7 novembre 2011

Madrepatria

Al terzo miglio, un arzillo settantenne mi affianca mentre arranco verso la cima di una verde collina della campagna inglese.

"La corri spesso questa gara?", chiede mentre sgambetta.
"Prima volta", pant.
"Ah, non sei di queste parti?"
"No, sono italiana ma vivo a Londra", pant.

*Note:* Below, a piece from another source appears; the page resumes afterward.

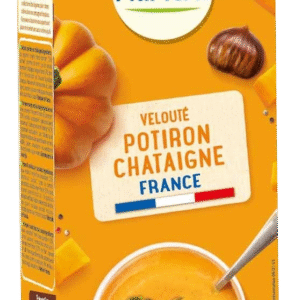 Primeal Veloute gebonden soep pompoen kastanje bio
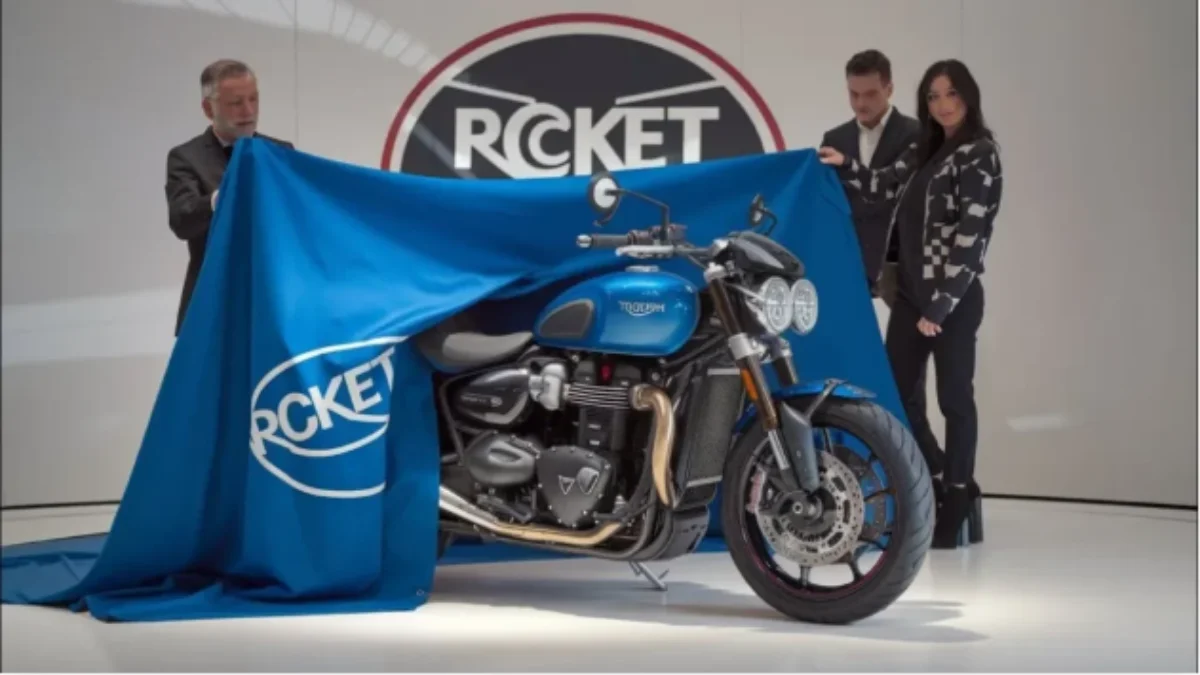 Triumph Rocket 3 2025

"Ah, italiana! Berlusconi! Ma Berlusconi di dimette?", sorride entusiasta.
Trovo l'energia per accelerare.
Seminato.

30 ottobre 2011

L' educazione sentimentale

Sono seduti davanti a me in aereo.
Fila 4.

Mamma, figlio e figlia.
Figlio, 12 - "Il mio amichetto è gay."
Figlia, 16 - " Ma te lo ha detto?"

12 - "No, ma si vede. Cammina tutto da femmina".
M. - "Tesoro, non è una cosa carina da dire"
12 - "Ma è gay!"
M. - "Se è gay, te lo dirà quando si sentirà di parlarne. Intanto, tu rispetta la sua sensibilità e non lo prendere in giro".

16 - "E poi, se è gay a te che ti frega?"
M. - "Appunto, che ti frega? Le cose importanti in una persona sono proprio altre".


25 ottobre 2011

21k

Questa mezza maratona s'ha da fare.
Porta fatica, sveglie quando il sole dorme, scatti ingrati, ma anche scorciatoie.

Consiglia la mamma. "Acido lattico tesoro? Butta giu' un paio di aspirine a colazione, vedi che scioglie tutto...".
Manca solo il countdown.


18 ottobre 2011

D'autunno

Giorni in cui il vento soffia fortissimo, freddissimo.
E allora pedalo contro il vento, e resto ferma.
E sogno il piumone, e mangio cioccolata.
E scrivo.

E non capisco perche', ma tendenzialmente sorrido.

27 settembre 2011

Fix it

Se una tipa dai capelli corti ti cambia il copertone della bici, per farlo ti chiede il numero di telefono che non si sa mai, ti chiede se vuoi tenere quello vecchio, e quando tu spieghi che e' poco pratico portarlo al lavoro, ti dice che e' un peccato che ci si fanno cinture molto carine: e' lesbica?

10 settembre 2011

Madrid

Mi ero dimenticata di quanto potesse essere bello.

9 settembre 2011

Diversamente etero


Succedeva nel 2010. Spaventosamente di recente.
Due donne si baciano al Grande Fratello, un po’ per gioco, un po’ per provocazione, un po’ per amore.
E adolescenti e donne e madri d’Italia si calavano nella loro vita come solo chi spia storie in televisione e’ in grado di fare.
Un bacio che ha fatto nascere ambizioni lesbiche, che ha creato spunti di omofobia, e che non ha dato maggiore visibilita’ alle donne gay che, in sintesi, se la vivono.
Lo racconta un documentario girato con poche risorse e grandi ambizioni da signore con le palle che ci sperano ancora.
Un documentario ambientato nel 2010, con atmosfere del 1910, che fa riflettere e non solo su baci tra donne.
E che ha un titolo davvero fico – “diversamente etero”.